With their shuttle destroyed and the rest of the crew dead, the two stranded astronauts find themselves free floating in a Newtonian nightmare in which coping with the laws of physics is almost overwhelmingly complex…and every effort only serves to further diminish an inexorably dwindling air supply.
It’s virtually impossible to separate this movie’s conventional camerawork from its CGI – Cuarón’s planning and the execution by his technical team are seamless and absolutely brilliant. Opening with a breathtaking 13-minute take that plants us convincingly in the middle of the action, the screen is filled with images that would have been impossible to achieve so credibly only a few years ago. In either the 3-D or standard versions, it’s a magnificent achievement.
The script, by Cuarón and his son Jonás, is a beautifully understated piece of work. An impressive amount of it dares to do away with dialogue completely, choosing to let the silence of space carry the moment. Otherwise, it’s mostly devoted to utilitarian chatter and a few understandably desperate exchanges, all aimed at keeping the issue of survival front and center. Only one scene, in which we learn something about the background of Bullock’s character, seems extraneous…but Bullock plays it with such conviction that it’s a minor distraction at most.
Clooney brings his trademark regular-guy star power to the role of veteran astronaut Matt Kowalski, a part originally intended for Robert Downey Jr. It’s still possible to hear vestiges of Downey’s quick-riffing bravado lingering in some of the lines, but Clooney makes the role his own, infusing it with warmth and low-key naturalistic heroism. It’s a fine performance and a generous one, Clooney choosing to quietly play his role to the hilt while allowing Bullock to remain at center stage throughout.

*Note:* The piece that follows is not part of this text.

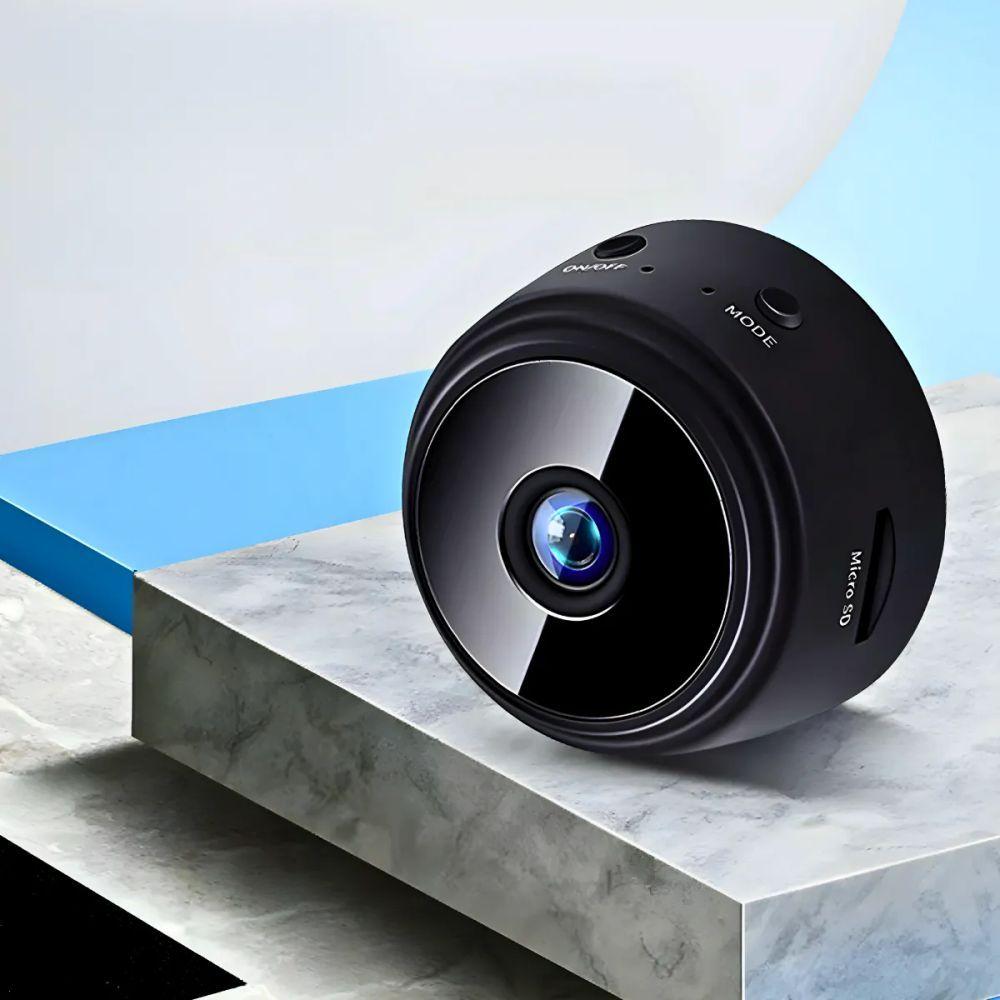 Miniatura Mini Câmera Espiã A9 Wifi Sensor Visão Noturna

As first-time space traveler Ryan Stone, Bullock dominates the film. An engineer who’s uncomfortable in space to begin with, Stone spends much of the movie in a state of near-panic or worse. But far from being a typical movie heroine in distress, Ryan Stone is our POV character. Her panic is ours, starting from the moment the disaster sends her spinning off into space without warning, hands clutching reflexively and eyes searching frantically for anything to focus on. We struggle alongside her, hoping our own air will hold out, as she falls back on her training to find a way home. Bullock’s work here is wonderfully satisfying, an utterly relatable dramatic turn whose impressive physicality and sheer humanity prove to be as essential to Gravity’s success as Cuarón’s groundbreaking visuals. Hers is a magnificent achievement, too.